The volage drop is approximately 0.25%. The voltage required to spark is less than the coil can provide so that drop means nothing. This is assuming a 0.025" plug gap, normal resistor plugs, normal temperatures, proper fuel/air mixture, and 8.5:1 compression ratio giving about a 2M ohm gap resistance.

I thought that the air gap resistance drops significantly once the spark starts to jump which ionizes the air...

Dennis

Since current is flowing - let's say for the fun of it that the voltage required to start the current flowing across the gap is 12,000 volts. I=E/R so 12,000/2,005000 to start. So the initial current is about .006 amps. Now let's say that the effective resistance drops to 1M ohm once the current is flowing, so 12,000/1,005000 means that the current is now .12 amps.

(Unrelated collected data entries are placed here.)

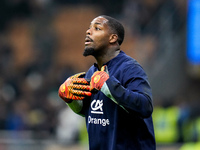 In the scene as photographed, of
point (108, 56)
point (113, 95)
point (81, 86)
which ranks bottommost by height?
point (113, 95)

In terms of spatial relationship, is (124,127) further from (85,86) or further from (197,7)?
(197,7)

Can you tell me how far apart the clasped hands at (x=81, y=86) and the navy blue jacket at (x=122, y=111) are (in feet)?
0.26

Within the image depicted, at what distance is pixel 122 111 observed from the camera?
4137 millimetres

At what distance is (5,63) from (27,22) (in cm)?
280

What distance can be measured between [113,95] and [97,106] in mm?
429

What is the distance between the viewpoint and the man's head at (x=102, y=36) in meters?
4.38

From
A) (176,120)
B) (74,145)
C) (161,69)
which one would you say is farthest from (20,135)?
(161,69)

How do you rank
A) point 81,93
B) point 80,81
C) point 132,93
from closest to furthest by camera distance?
point 132,93, point 81,93, point 80,81

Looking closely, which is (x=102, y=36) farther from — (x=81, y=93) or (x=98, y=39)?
(x=81, y=93)

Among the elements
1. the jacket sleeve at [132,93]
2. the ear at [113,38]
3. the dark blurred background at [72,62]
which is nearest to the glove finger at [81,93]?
the jacket sleeve at [132,93]

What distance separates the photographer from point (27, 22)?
63.3 ft

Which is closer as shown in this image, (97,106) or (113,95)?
(113,95)

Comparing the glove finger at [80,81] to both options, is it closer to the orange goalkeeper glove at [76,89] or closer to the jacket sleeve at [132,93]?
the orange goalkeeper glove at [76,89]

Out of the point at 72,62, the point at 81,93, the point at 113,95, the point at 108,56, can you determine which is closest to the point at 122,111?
the point at 113,95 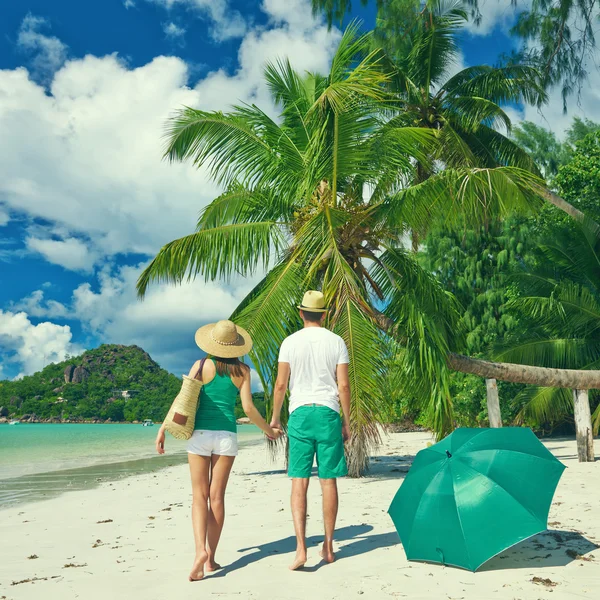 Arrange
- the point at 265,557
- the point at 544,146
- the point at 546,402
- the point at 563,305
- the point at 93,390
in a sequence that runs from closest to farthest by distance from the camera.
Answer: the point at 265,557, the point at 563,305, the point at 546,402, the point at 544,146, the point at 93,390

So the voltage across the resistor and gap are (E=IR):

Before: .006*5,000 = about 30 volts and the voltage across the gap .006/2,000,000 is about 12,000 volts - the coil voltage is 12,030 volts

During: .012*5,000 = about 60 volts and the voltage across the gap .012/1,000,000 is about 12,000 volts - the coil voltage is 12,060 volts

You know the plain old Lucas coils are capable of high voltage - the bike will run at high or low altitude, at as least 13:1 compression ratio, rich or lean, and even at the Norton top gap of .028". They probably won't spark standard plugs at a wider gap or even higher compression.

Any way you look at it the voltage across the plug gap will remain the same. If yo umake a coil that can produce a million volts, the volts across the gap won't change. When you have fancy plugs like surface gap, they has much higher resistance and therefore require a coil with higher capability.

Of course I'm using steady state numbers. A coil secondary collapsing is not like steady state - for one the voltage and therefore current ramps up and ramps down - it's like a flat-top spike and the it, to a much lesser degree goes the other way.